Salientamos que a proposta aqui referida se encontra em consonância com uma
perspectiva de ensino voltada à formação humana integral, a partir da qual nos pautamos,
além de estar em conformidade com a Lei n° 10.639/03 (BRASIL, 2003). Procuramos,
assim, contribuir com o conhecimento de contos afrobrasileiros de autoria feminina e de
outras visões de mundo, além das hegemônicas, inclusive auxiliando na compreensão de que
não há texto neutro.
Ao pesquisarmos o acervo literário constante na biblioteca da escola, constatamos
que havia uma única obra literária afrobrasileira, em exemplar único, o 30º volume da série
‘Cadernos Negros’. Dada a importância da série para o cenário brasileiro, organizada desde
1978 por escritores e escritoras negros(as) e brasileiros(as) e, em especial, para a divulgação
da literatura afrobrasileira e dos escritores que em parte a constituem, conforme abordado
por Duarte (2014), optamos por trabalhar com contos veiculados na antologia.
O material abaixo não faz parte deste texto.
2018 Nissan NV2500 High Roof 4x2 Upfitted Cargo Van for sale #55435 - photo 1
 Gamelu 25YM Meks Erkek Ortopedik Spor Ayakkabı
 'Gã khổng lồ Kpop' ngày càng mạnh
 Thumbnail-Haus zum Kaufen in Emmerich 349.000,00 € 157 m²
Assim, esse projeto de intervenção contemplou a leitura crítica dos contos ‘Lumbiá’,
de Conceição Evaristo, ‘Minha cor’, de Raquel Almeida, e ‘O tapete voador’, de Cristiane
Sobral, todos publicados na antologia literária ‘Cadernos Negros’. Objetivando a apropriação
literária, por parte dos alunos, em relação aos contos a serem trabalhados, sugerimos a
elaboração de roteiros para a apresentação de esquetes ao final do projeto de intervenção,
uma vez que a literatura e o teatro estão intimamente relacionados como formas de
manifestações artísticas e críticas do contexto social. A avaliação foi realizada de forma
contínua, ou seja, ao longo de todo o processo, como forma de possibilitar ajustes
necessários, consoante o desempenho e interesse dos alunos.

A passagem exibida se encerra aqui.